* _Crawled caption data_:
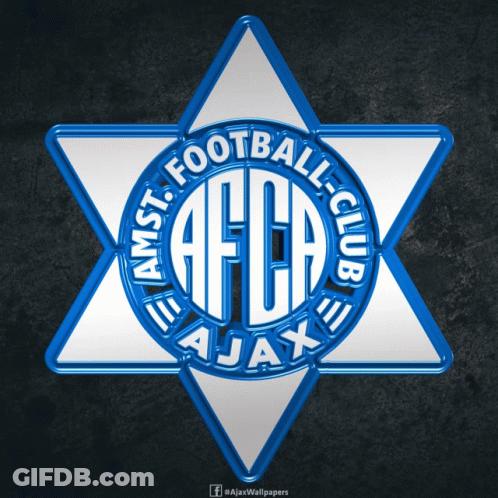 A Blue And White Star With The Afca Logo On It GIF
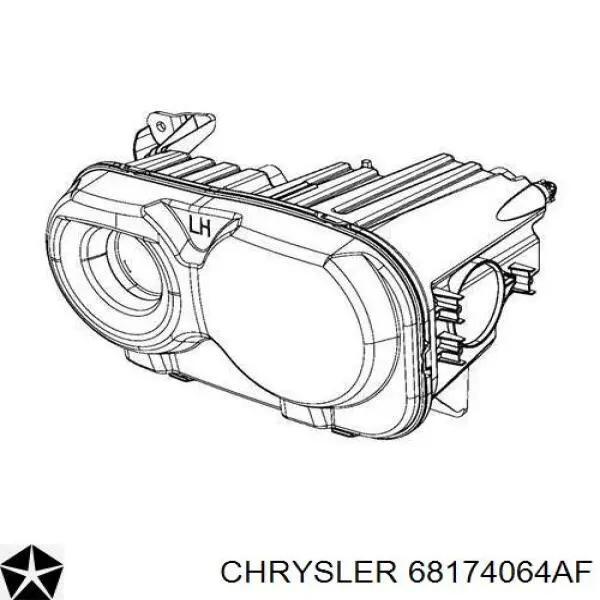 Купить 68174064AF Chrysler Фара основная правая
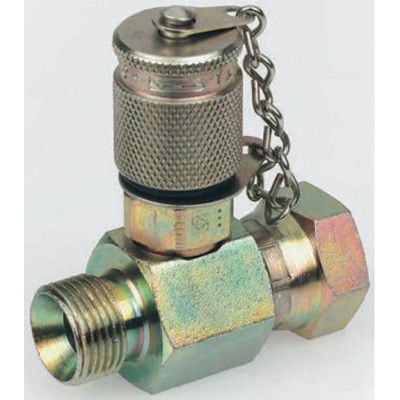 Stauff Steel Hydraulic Test Point 3/8" M/F + SMK 20 R 1/8 VC ASS Female/Male G 3/8" M/F + SMK 20 R 1/8 VC ASS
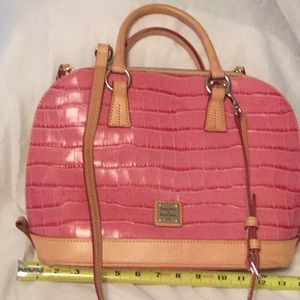 Dooney and Bourke Pink Embossed Leather Bag.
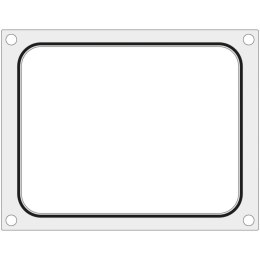 Matryca forma do zgrzewarek BOKAMA na tackę bez podziału 227x178 mm - Hendi 805879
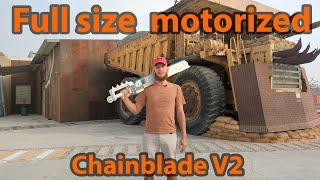 Full-size motorized chainblade V2. For The Emperor!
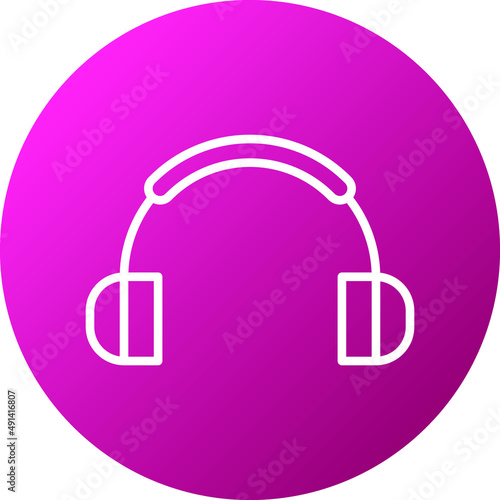 Earmuffs Icon Style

* _ASSIGNED TASK_:
The answer must consist of the line containing "Matryca forma do" and every line after it through the end of the records, retyped exactly, with all pictures left out.

* _RESPONSE FOR THIS EXERCISE_:
 Matryca forma do zgrzewarek BOKAMA na tackę bez podziału 227x178 mm - Hendi 805879
 Full-size motorized chainblade V2. For The Emperor!
 Earmuffs Icon Style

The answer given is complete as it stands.